Thursday, 6 June 2019

Book 3, letter 1: To Seneca


Book 3, Letter 1
Part 1 of 2

                                  Seneca with Nero
*

Dear Seneca,

This being my first letter to you, I feel that I should open with something special...a picture? If it is true, as Thucydides claims, that history is philosophy taught by example, then it might be true also that art is psychology taught by practice. To practice art is to train the eye to see, (both the inner and the outer eye) and to teach the hand to make the unseen, visible. So, Seneca, my study continues...

                                          a page from my sketchbook...
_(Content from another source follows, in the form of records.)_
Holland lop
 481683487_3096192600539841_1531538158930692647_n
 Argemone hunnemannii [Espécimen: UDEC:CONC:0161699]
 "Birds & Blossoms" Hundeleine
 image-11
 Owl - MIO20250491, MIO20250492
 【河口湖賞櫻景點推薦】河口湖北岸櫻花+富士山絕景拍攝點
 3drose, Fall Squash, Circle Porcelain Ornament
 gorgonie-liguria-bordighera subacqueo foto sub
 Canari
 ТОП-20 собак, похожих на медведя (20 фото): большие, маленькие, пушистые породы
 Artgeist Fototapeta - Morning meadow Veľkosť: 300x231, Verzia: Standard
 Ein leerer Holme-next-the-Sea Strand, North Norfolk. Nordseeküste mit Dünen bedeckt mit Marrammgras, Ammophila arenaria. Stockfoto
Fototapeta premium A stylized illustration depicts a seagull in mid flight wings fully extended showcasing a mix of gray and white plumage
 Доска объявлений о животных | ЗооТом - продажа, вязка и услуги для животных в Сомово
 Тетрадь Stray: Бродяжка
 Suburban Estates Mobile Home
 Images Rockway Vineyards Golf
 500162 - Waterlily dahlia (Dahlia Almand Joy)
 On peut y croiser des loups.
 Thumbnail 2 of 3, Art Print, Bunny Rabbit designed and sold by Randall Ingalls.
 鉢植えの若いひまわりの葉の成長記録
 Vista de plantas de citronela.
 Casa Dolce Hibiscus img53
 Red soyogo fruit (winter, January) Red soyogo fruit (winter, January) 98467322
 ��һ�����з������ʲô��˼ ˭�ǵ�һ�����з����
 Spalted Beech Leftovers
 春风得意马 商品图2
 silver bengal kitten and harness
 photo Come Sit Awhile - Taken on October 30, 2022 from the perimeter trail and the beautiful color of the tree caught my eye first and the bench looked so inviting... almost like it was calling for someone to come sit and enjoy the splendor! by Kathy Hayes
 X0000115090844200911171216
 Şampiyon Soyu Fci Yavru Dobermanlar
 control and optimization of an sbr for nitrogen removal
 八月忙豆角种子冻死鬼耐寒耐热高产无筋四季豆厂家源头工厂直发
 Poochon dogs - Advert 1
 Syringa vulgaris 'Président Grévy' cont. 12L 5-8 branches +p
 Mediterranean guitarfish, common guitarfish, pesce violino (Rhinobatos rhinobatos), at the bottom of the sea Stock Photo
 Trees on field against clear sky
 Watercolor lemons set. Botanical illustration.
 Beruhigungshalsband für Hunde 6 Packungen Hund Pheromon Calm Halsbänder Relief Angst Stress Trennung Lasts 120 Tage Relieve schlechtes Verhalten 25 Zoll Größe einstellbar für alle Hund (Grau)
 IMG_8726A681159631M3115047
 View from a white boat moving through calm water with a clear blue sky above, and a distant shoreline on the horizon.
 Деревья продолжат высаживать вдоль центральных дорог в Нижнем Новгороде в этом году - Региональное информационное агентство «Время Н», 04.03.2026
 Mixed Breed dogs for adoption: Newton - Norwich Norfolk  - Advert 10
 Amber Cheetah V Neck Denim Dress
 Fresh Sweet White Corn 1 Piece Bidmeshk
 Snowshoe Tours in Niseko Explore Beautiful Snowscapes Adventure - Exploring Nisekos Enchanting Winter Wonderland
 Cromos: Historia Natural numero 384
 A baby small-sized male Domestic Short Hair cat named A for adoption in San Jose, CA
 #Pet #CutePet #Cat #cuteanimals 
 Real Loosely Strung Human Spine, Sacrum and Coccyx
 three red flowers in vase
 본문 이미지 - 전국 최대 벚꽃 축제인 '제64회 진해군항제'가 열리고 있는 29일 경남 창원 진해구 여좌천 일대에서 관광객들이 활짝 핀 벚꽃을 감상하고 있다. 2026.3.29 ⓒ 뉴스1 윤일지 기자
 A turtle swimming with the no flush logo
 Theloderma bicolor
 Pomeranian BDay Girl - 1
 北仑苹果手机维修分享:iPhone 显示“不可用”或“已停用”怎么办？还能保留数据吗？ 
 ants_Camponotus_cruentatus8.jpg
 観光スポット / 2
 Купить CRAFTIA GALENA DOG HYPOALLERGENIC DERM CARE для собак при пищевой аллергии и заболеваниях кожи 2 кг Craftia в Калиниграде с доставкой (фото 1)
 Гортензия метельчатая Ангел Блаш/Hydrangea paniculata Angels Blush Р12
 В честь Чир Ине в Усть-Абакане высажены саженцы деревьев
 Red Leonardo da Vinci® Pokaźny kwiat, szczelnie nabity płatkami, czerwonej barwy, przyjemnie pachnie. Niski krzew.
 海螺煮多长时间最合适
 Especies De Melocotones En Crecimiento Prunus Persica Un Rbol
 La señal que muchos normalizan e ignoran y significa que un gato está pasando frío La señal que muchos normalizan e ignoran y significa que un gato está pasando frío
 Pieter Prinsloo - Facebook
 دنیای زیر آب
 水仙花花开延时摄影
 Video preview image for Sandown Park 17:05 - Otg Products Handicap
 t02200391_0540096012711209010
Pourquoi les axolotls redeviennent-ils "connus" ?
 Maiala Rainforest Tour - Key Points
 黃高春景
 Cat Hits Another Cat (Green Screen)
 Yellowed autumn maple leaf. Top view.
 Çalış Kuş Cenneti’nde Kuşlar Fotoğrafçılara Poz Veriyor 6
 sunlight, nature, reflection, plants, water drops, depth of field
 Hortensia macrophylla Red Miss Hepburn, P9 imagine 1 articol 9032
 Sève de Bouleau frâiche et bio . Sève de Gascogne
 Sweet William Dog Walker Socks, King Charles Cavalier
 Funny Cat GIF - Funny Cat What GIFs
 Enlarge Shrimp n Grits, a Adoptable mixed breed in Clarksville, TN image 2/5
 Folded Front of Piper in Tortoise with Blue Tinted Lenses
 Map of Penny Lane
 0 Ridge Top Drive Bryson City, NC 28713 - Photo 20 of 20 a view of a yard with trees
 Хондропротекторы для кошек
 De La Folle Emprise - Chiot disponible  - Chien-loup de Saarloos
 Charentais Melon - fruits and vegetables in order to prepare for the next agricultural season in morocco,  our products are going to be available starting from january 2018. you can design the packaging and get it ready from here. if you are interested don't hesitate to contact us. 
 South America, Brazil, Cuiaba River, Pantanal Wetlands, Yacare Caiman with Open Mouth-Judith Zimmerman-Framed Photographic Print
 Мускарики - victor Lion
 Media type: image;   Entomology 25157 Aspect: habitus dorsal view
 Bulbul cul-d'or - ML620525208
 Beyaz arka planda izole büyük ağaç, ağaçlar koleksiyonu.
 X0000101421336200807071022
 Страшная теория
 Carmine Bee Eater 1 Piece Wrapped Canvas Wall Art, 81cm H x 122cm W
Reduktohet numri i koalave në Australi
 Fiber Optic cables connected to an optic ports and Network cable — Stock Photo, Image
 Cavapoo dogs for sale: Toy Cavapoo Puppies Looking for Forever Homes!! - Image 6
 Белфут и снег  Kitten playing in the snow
My history studies also continue, and this second year is opening me up to wider subjects. My keenness for history and philosophy has not faded. It is as I had expected; the more I know, the deeper and wider I see the ocean of knowledge is. I swim down, undeterred, unobstructed. That is where I met you, Seneca. In the darkness.

I'll admit this to you first, and don't misconstrue it for empty flattery. I used to really like Marcus Aurelius, until I started reading your Epistles. (I have a 1917 translation by Richard M Gummere.) I have felt drawn to Stoic philosophy for a few months, and I have been trying to make sense of Aurelius, but his worldview is so militant, so brutal at times. He is immensely popular at the moment, with new books about his life and philosophy being published, but you, Seneca, seem blessed with a modern humanitarian soul, and as such, your philosophy is, to me, much more easily assimilated and understood.

Seneca, or can I call you Lucius? I'd like to write to you about every single page I've read so far. I'll try to restrain myself, I have been forcing myself to only read one letter each day. Though I want to hungrily devour your wisdom, I must take my time to digest the intense beauty and truth I find in your writing. I've never been so emotionally effected by a book. Normally I read with a hungry pace, briskly striding through to the end of the book, eager to finish and grasp the whole of what the author has to say.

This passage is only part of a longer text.